▸ **EXERCISE AIM**
Only the pictures are to be left out, and the rest of the entries should be reproduced exactly.

_ _ _ _ _

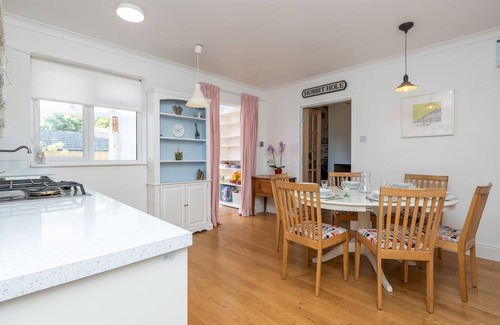 Combe Down House | Pass the Keys | Spacious family home with parking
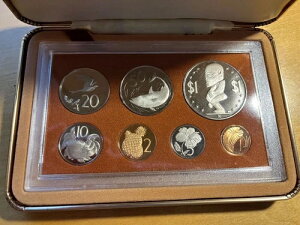 NbN 1975N 7gv[tRCZbg J e č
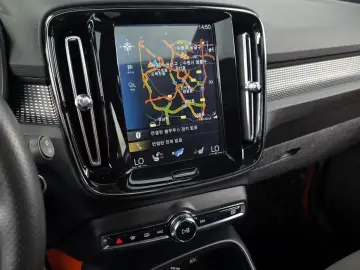2019 Volvo XC40 с пробегом 127 235 км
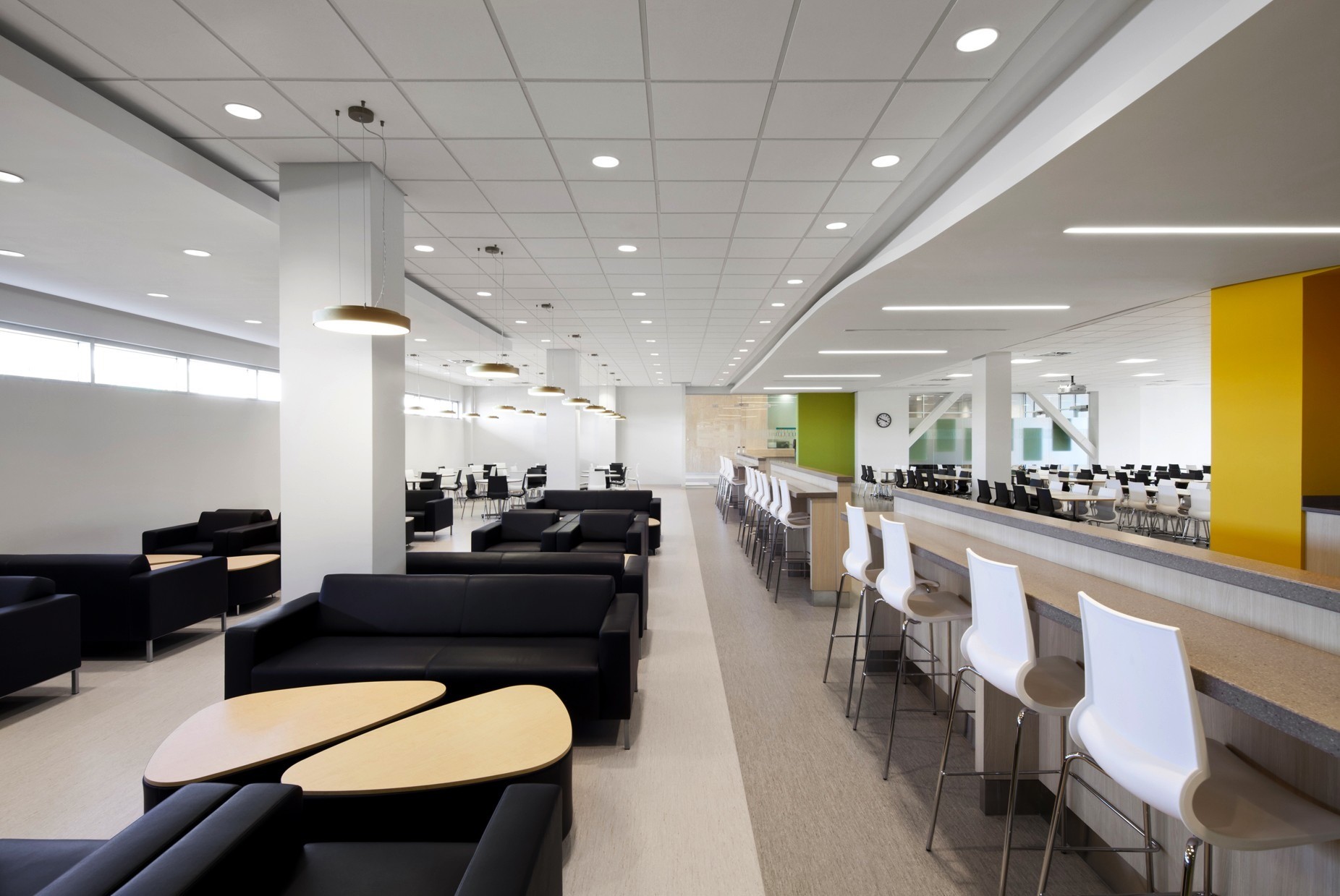 Montreal Merck 总部 · 现代共享办公空间-13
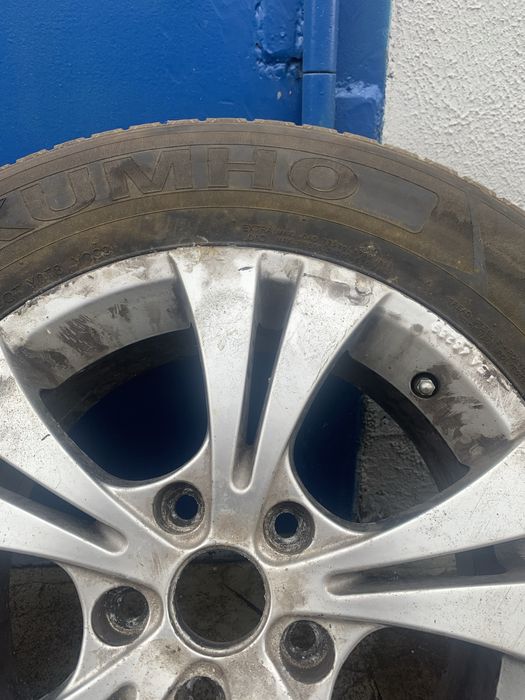 Колеса з покришками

_ _ _ _ _

▸ **TASK SOLUTION**
 Combe Down House | Pass the Keys | Spacious family home with parking
 NbN 1975N 7gv[tRCZbg J e č
2019 Volvo XC40 с пробегом 127 235 км
 Montreal Merck 总部 · 现代共享办公空间-13
 Колеса з покришками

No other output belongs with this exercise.